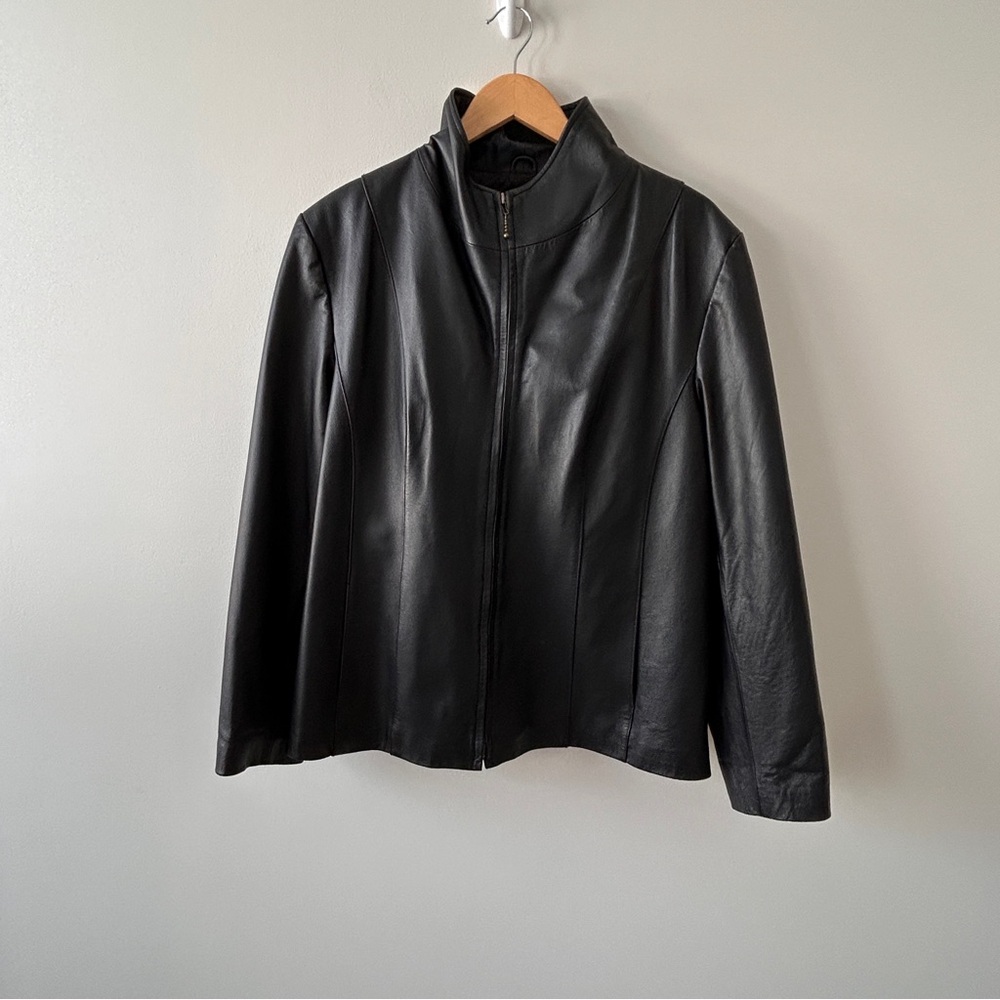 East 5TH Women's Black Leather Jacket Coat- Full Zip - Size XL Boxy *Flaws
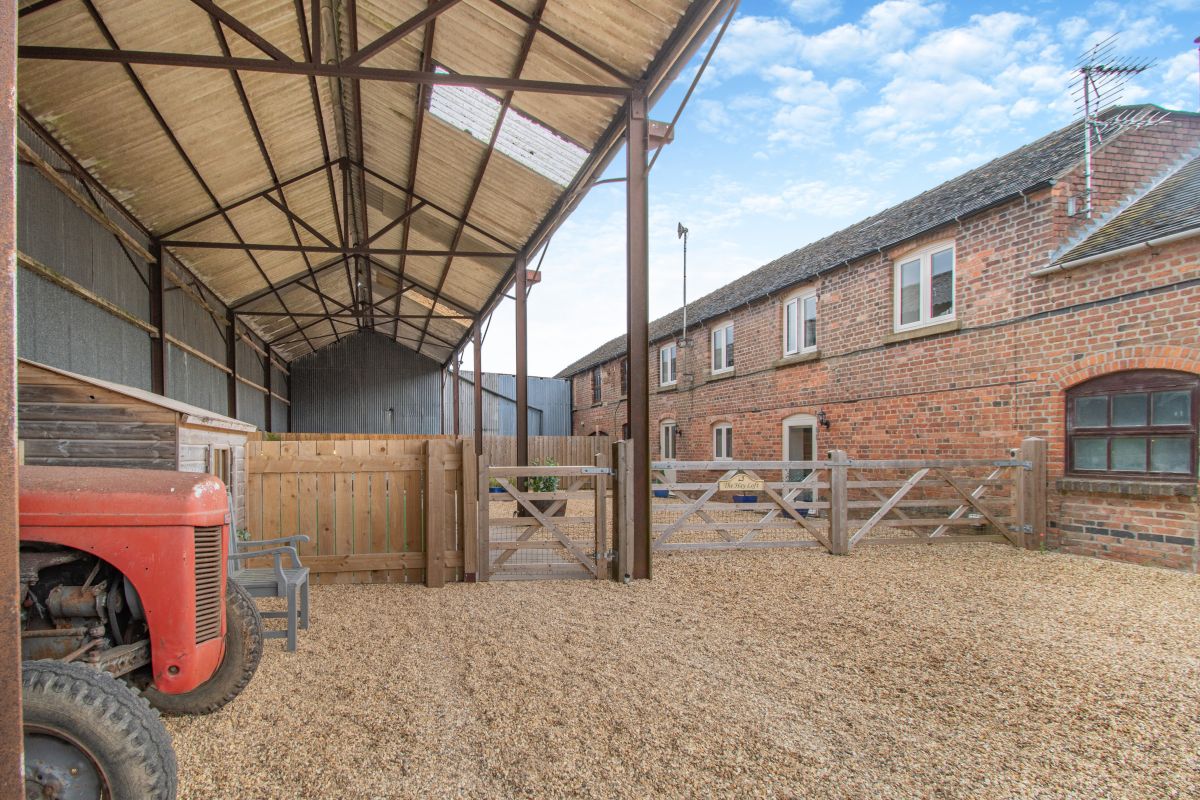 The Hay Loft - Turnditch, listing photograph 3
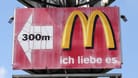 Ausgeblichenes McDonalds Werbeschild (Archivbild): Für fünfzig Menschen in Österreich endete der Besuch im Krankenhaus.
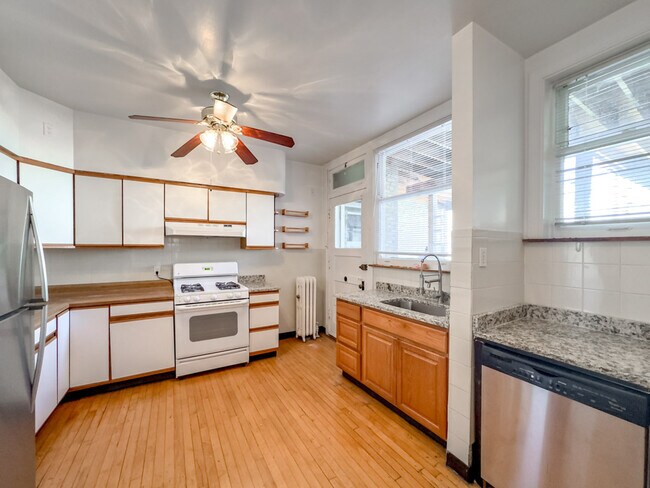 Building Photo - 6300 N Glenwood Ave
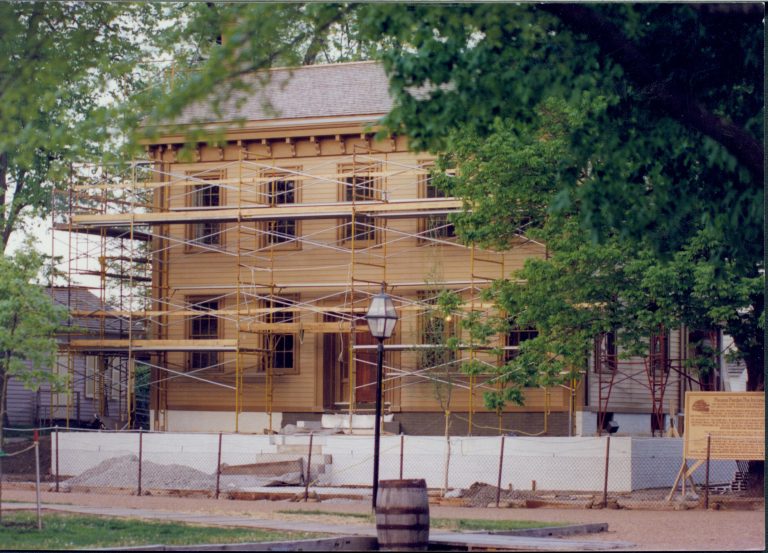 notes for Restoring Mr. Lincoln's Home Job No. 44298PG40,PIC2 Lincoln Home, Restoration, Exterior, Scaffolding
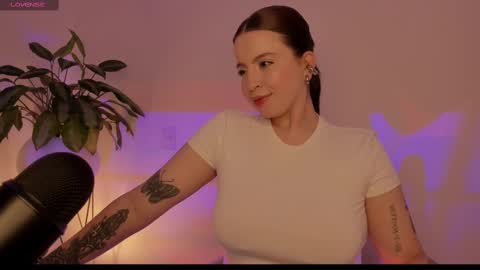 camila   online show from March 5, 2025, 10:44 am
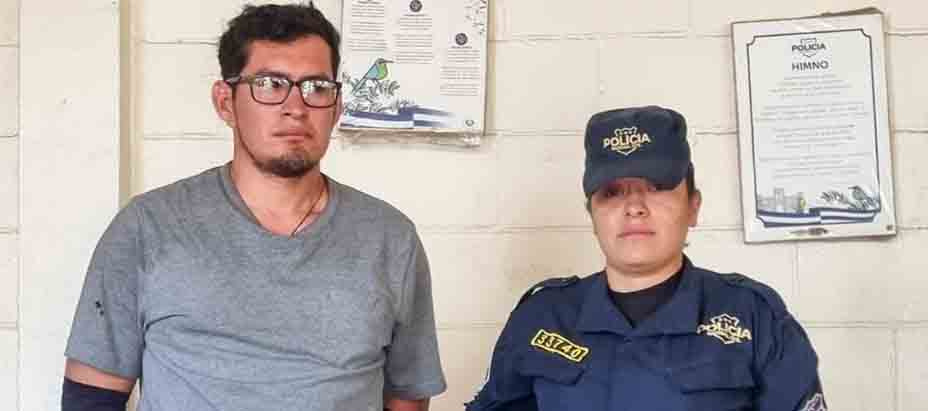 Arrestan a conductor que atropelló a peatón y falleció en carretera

---

_WHAT THE EXERCISE ASKS_. Write out the material above once more, exactly as it reads, with no pictures.

_ANSWER_.
 East 5TH Women's Black Leather Jacket Coat- Full Zip - Size XL Boxy *Flaws
 The Hay Loft - Turnditch, listing photograph 3
 Ausgeblichenes McDonalds Werbeschild (Archivbild): Für fünfzig Menschen in Österreich endete der Besuch im Krankenhaus.
 Building Photo - 6300 N Glenwood Ave
 notes for Restoring Mr. Lincoln's Home Job No. 44298PG40,PIC2 Lincoln Home, Restoration, Exterior, Scaffolding
 camila   online show from March 5, 2025, 10:44 am
 Arrestan a conductor que atropelló a peatón y falleció en carretera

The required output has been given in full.